I grew up spending a large part of my life at Lake Tahoe. At that time, Tahoe was a brilliant blue and crystal clear. More than a decade ago, after a long hiatus, I returned to Tahoe. I was overwhelmed by the crowds, by the wall to wall houses, by the big green lawns everywhere (it is, after all, a high desert), and by the fact that the lake was swampy. When I visited a favorite lakeside beach from my childhood, I was shocked that the water was brown and had massive amounts of algae floating through it. The general consensus amongst Lake residents was the the problem stemmed from the vastly increased population and the lawns — the nitrogen in peoples’ fertilizer was flowing into the lake and providing a perfect breeding ground for algae.
I was therefore quite surprised to read that my perceptions were and are all wrong. According to scientists and the news there is no problem now — the lake is crystal clear, according to the following article — but that there will be a future problem from (you can all say it with me here) global warming:
A new study predicts water circulation in Lake Tahoe is being dramatically altered by global warming, threatening the lake’s delicate ecosystem and famed clear waters.
The University of California, Davis study said one likely consequence is warmer lake temperatures that will mean fewer cold-water native fish and more invasive species — like carp, large-mouth bass and bluegill.

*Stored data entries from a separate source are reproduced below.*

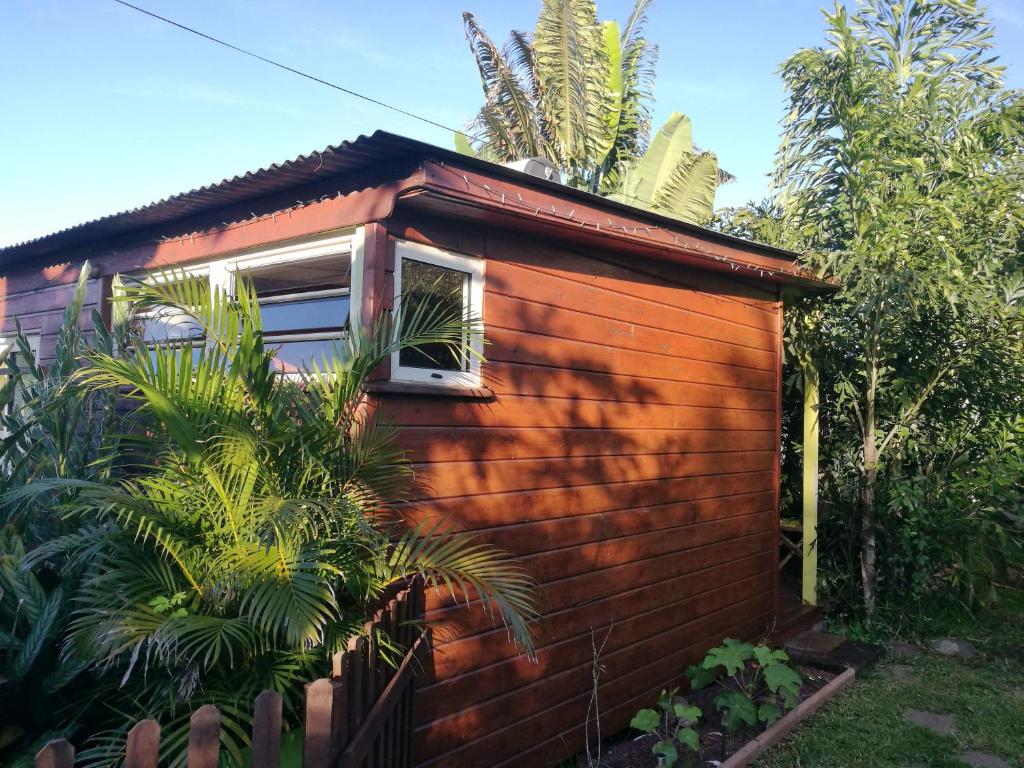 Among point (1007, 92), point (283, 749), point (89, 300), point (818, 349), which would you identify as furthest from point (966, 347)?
point (89, 300)

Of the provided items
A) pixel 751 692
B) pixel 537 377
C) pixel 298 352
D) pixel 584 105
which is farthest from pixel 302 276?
pixel 584 105

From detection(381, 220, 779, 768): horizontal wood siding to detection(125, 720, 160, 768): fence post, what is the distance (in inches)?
79.5

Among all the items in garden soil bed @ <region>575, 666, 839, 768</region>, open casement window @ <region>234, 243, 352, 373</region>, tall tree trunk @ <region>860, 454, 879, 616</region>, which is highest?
open casement window @ <region>234, 243, 352, 373</region>

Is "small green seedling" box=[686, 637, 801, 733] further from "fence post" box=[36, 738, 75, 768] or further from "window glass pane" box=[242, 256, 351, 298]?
"fence post" box=[36, 738, 75, 768]

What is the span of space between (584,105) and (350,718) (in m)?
10.7

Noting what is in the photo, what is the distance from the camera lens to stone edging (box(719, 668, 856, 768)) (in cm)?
428

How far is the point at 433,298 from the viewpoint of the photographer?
383 cm

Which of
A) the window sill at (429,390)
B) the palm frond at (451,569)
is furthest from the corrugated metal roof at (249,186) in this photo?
the palm frond at (451,569)

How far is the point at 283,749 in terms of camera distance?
91.0 inches

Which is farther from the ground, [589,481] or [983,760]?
[589,481]

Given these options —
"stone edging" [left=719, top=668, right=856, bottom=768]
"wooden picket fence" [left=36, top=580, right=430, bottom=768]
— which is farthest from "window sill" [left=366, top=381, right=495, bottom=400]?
"stone edging" [left=719, top=668, right=856, bottom=768]

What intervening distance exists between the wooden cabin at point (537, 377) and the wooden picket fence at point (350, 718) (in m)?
0.46

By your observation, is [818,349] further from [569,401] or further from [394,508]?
[394,508]

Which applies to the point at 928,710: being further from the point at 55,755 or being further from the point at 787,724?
the point at 55,755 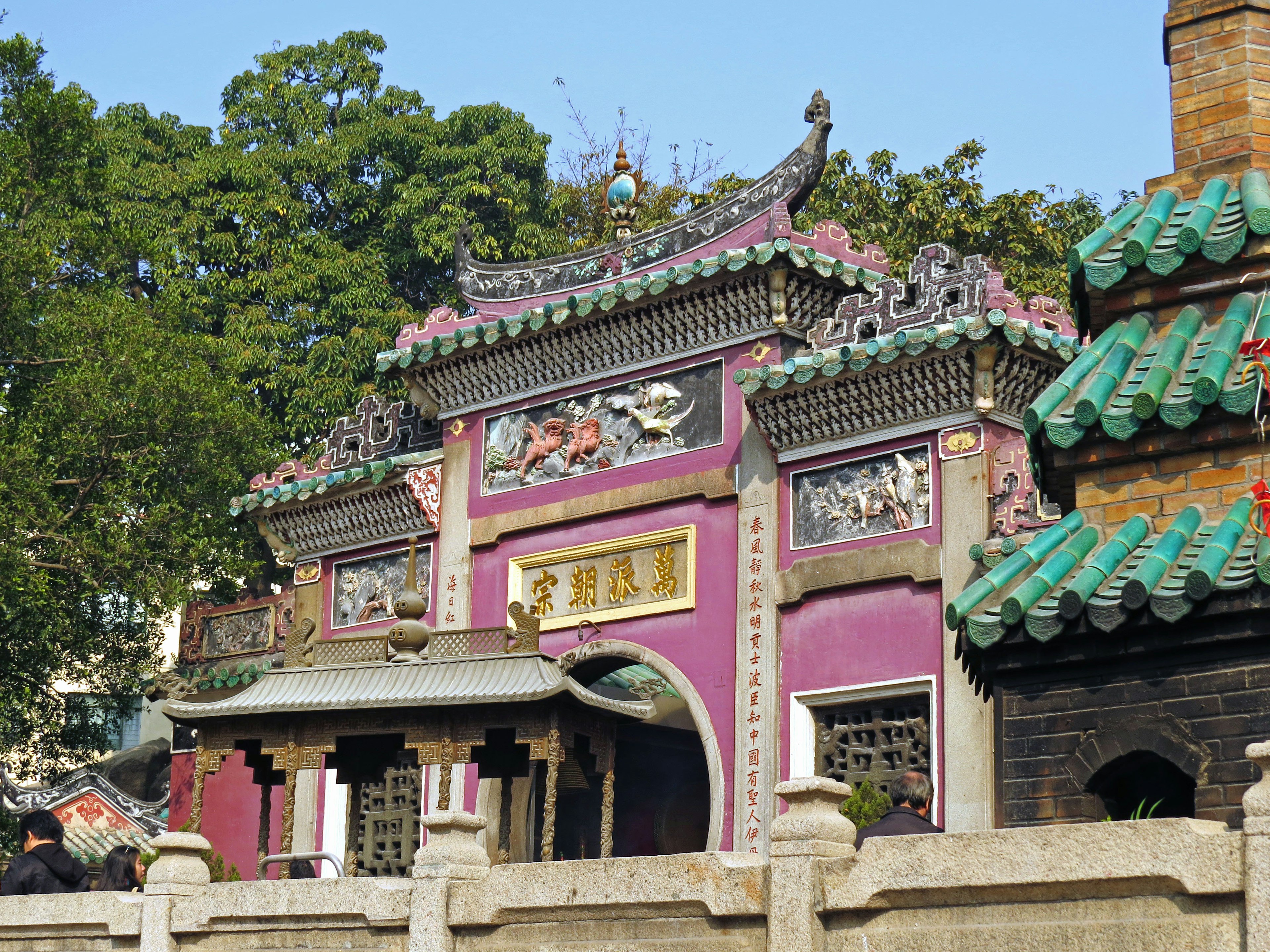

“What we expect is that deep mixing of Lake Tahoe’s water layers will become less frequent, even nonexistent, depleting the bottom waters of oxygen,” said Geoffrey Schladow, director of the Tahoe Environmental Research Center at U.S. Davis.
Schladow, Associate Director John Reuter and postdoctoral researcher Goloka Sahoo presented the findings last week in Incline Village at a conference focusing on global warming and deep-water lakes.
The changes, the study concluded, could turn Tahoe’s famed cobalt-blue waters to a murky green in about a decade.
As I read this article, it is pretending that the problems of overpopulation, over-fertilization and excessive water use in a high desert don’t exist, and haven’t had any effect at all on the Lake for the past three decades. In their world, all problems start as of today, and all of them trace themselves to global warming.
I’ll be the first to admit that Lake Tahoe has a problem, but for those serious about preserving Tahoe’s clear, beautiful blue, the best and first line of attack would probably be lawns and fertilizers. Of course, given the Lake’s declining condition in the past 15 years or so, before global warming was more than a twinkle in Al Bore’s eye, it may be too late anyway.